* [Records]
————
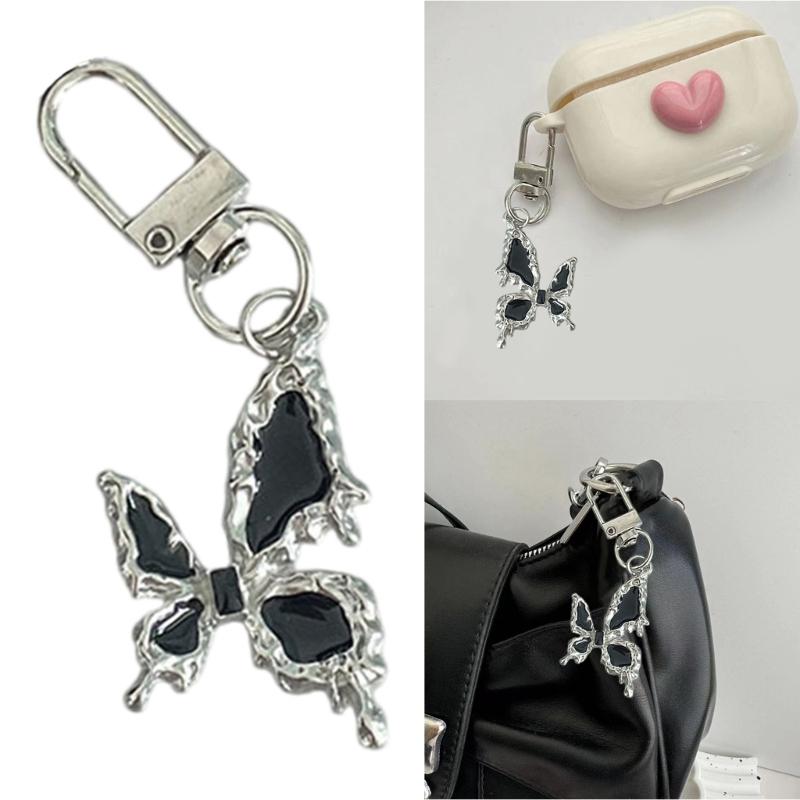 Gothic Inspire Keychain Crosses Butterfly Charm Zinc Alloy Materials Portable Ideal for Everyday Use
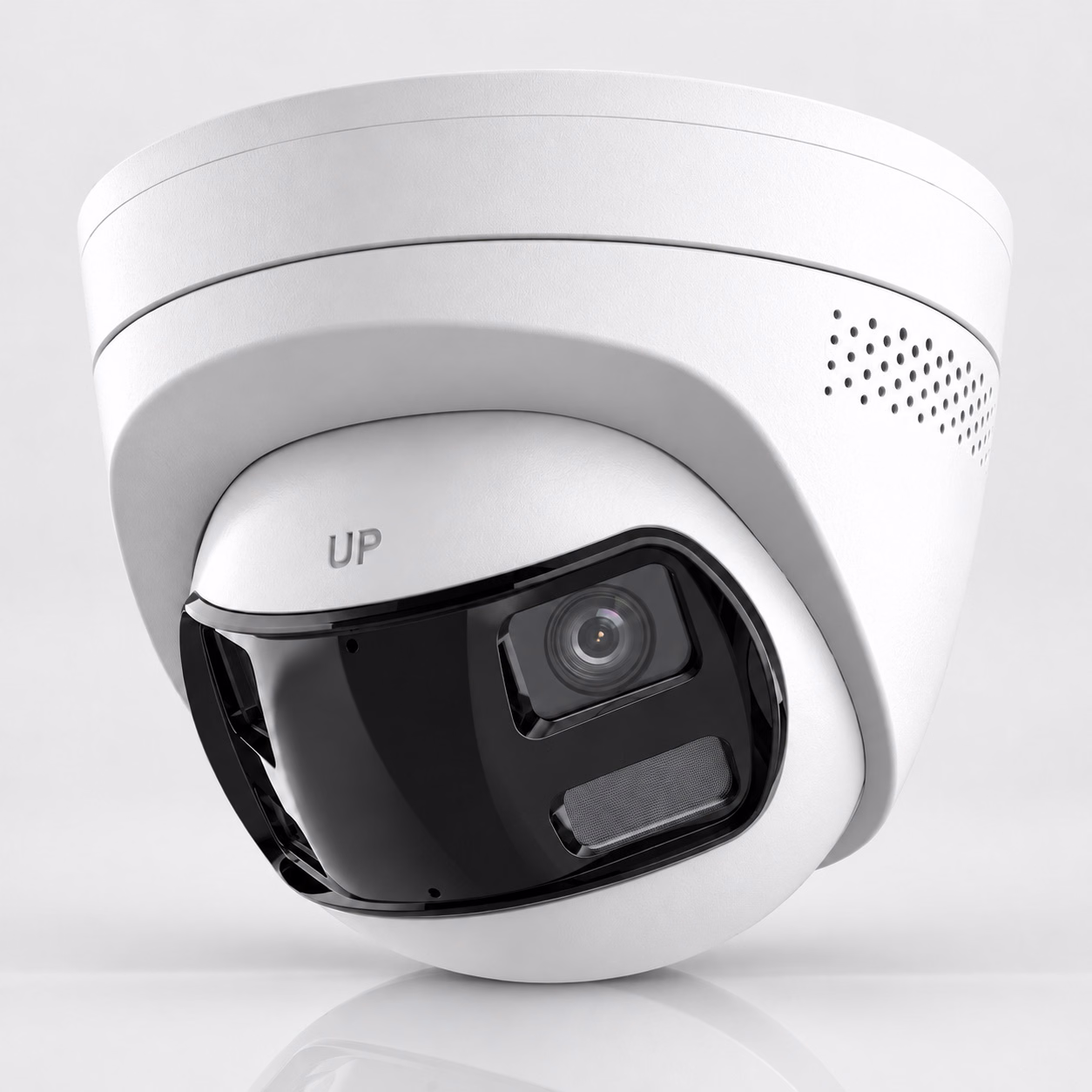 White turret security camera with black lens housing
————
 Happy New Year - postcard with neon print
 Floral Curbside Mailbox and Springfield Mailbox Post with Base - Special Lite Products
————
Beginning at the line above that contains "Gothic Inspire Keychain" and going on through the line that contains "White turret security", please copy every line exactly, leaving the pictures out and adding nothing.

* [Solution for this problem]
 Gothic Inspire Keychain Crosses Butterfly Charm Zinc Alloy Materials Portable Ideal for Everyday Use
 White turret security camera with black lens housing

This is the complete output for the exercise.